Prof T Ibrahim Alfian pernah menulis bahwa Nahrasiyah dikenal sebagai sosok yang bijak dan arif.
Selama berada di tampuk kepemimpinan, ia memerintah dengan sifat keibuan dan penuh kasih
sayang. Saat itu, harkat dan martabat perempuan begitu mulia.
Waku itu banyak perempuan yang menjadi penyiar agama. Ibrahim mengatakan terkait sosok
Nahrasiyah, jejak sejarahnya bisa dilihat dari nisannya. Keterangan tentangnya juga terdapat pada
sejarah Cina, yakni kronik Ying-yai sheng-lan.
Buku tersebut berisi laporan umum mengenai pantai-pantai Sumatra waktu itu serta menyebutkan
raja-raja yang berkuasa. Ma Huan seorang pelawat Cina Muslim dalam pengantar kronik Cina
tersebut disebutkan bahwa dia dikirim bersama Laksamana Cheng Ho ke berbagai negeri karena
mampu menerjemahkan buku-buku asing.
Pada 1415 Cheng Ho dan armadanya mengunjungi Kerajaan Samudra Pasai. Dalam kronik dinasti
Ming (1368-1643) buku 32 diceritakan, Sekandar (Iskandar) keponakan suami kedua Ratu bersama
ribuan pengikutnya menyerang dan merampok Cheng Ho. Tapi, serdadu-serdadu Cina berhasil
mengalahkan penyerang tersebut hingga kemudian Sekandar ditangkap dan dibawa sebagai
tawanan Istana Maharaja Cina. Di sana, Sekandar dijatuhi hukuman mati.

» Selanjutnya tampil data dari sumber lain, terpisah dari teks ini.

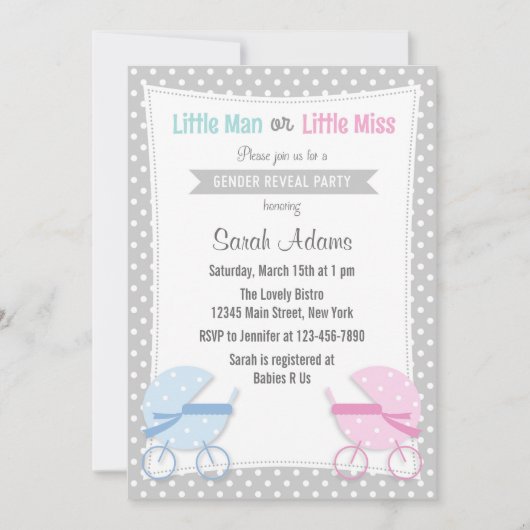 Baby Stroller Gender Reopenbaart partijuitnodiging Kaart (Voorkant)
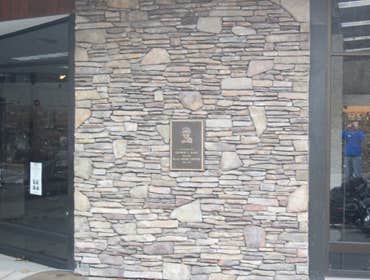 Bear Sports center Honesdale Stone veneer on Bear Sports center in Honesdale PA. This stone is Bucks County Southren Ledge stone. Rob Orr Masonry also 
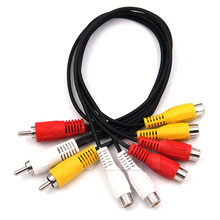 High Quality 1pcs 3 RCA Male To 6 RCA Female Plug Splitter cord Audio TV DVD Video Adapter AV Cable 2024 - buy cheap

K eumalahayati, adalah salah seorang perempuan pejuang yang berasal dari Kesultanan Aceh.
Ayahnya bernama Laksamana Mahmud Syah. Kakeknya dari garis ayahnya adalah Laksamana
Muhammad Said Syah, putra dari Sultan Salahuddin Syah yang memerintah sekitar tahun
1530–1539 M. Adapun Sultan Salahuddin Syah adalah putra dari Sultan Ibrahim Ali Mughayat Syah
(1513–1530 M), yang merupakan pendiri Kerajaan Aceh Darussalam.
Pada tahun 1585–1604, dia memegang jabatan Kepala Barisan Pengawal Istana Panglima Rahasia
dan Panglima Protokol Pemerintah dari Sultan Saidil Mukammil Alauddin Riayat Syah IV
Malahayati memimpin 2.000 orang pasukan Inong Balee (janda-janda pahlawan yang telah syahid)

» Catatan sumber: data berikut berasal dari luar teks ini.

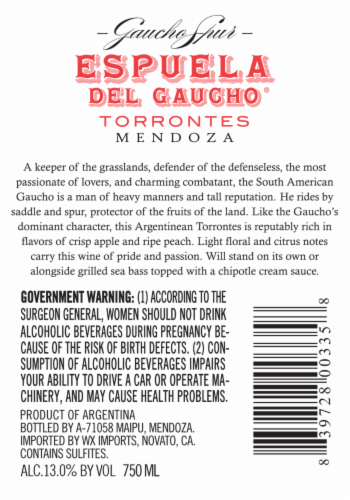 Espuela Del Gaucho Torrontes Perspective: back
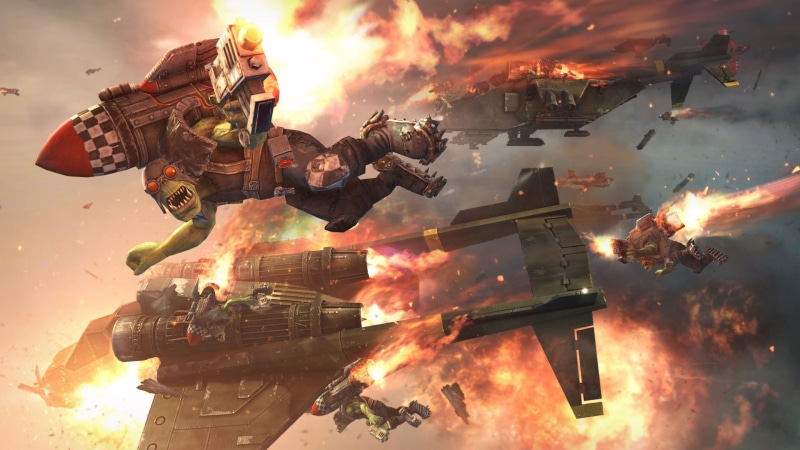 marines, orks, 1080P, space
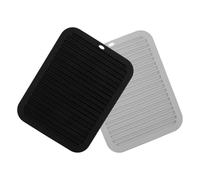 FONDOTIN Cuscinetto Isolante Termico in Silicone per Ferro Arricciacapelli e Piastra per Chioma 2 Pezzi, Tappetino Resistente al Calore 30x23 Cm, Supporto Portatile da Viaggio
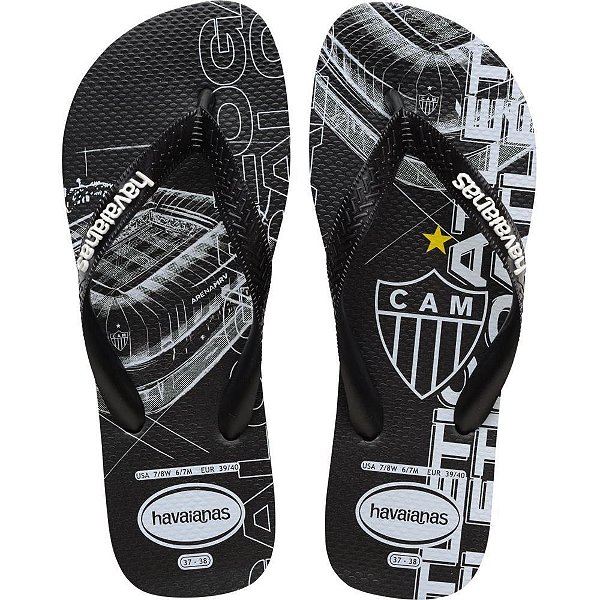 Chinelo Havaianas Licenciado TOP Atlético MG 41/42 Preto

berperang melawan kapal-kapal dan benteng-benteng Belanda tanggal 11 September 1599 sekaligus
membunuh Cornelis de Houtman dalam pertempuran satu lawan satu di geladak kapal. Dia
mendapat gelar Laksamana untuk keberaniannya ini, sehingga ia kemudian lebih dikenal dengan
nama Laksamana Malahayati. Saat meninggal dunia, jasad Malahayati dikebumikan di bukit Krueng
Raya, Lamreh,Aceh Besar.
Perundingan Damai
Laksamana Malahayati tidak hanya cakap di medan perang. Ia juga melakukan perundingan damai
mewakili Sultan Aceh dengan pihak Belanda. Perundingan itu adalah upaya Belanda untuk
melepaskan Frederick de Houtman yang ditangkap oleh Laksamana Malahayati. Perdamaian itu
terwujud. Frederick de Houtman dilepaskan namun Belanda harus membayar ganti rugi kepada
Kesultanan Aceh. Laksamana Malahayati juga menjadi orang yang menerima James Lancaster, duta
utusan Ratu Elizabeth I dari Inggris.
Laksamana Malahayati meninggal dunia pada tahun 1615. Makamnya terletak di Desa Lamreh,
Kecamatan Krueng Raya, Kabupaten Aceh Besar.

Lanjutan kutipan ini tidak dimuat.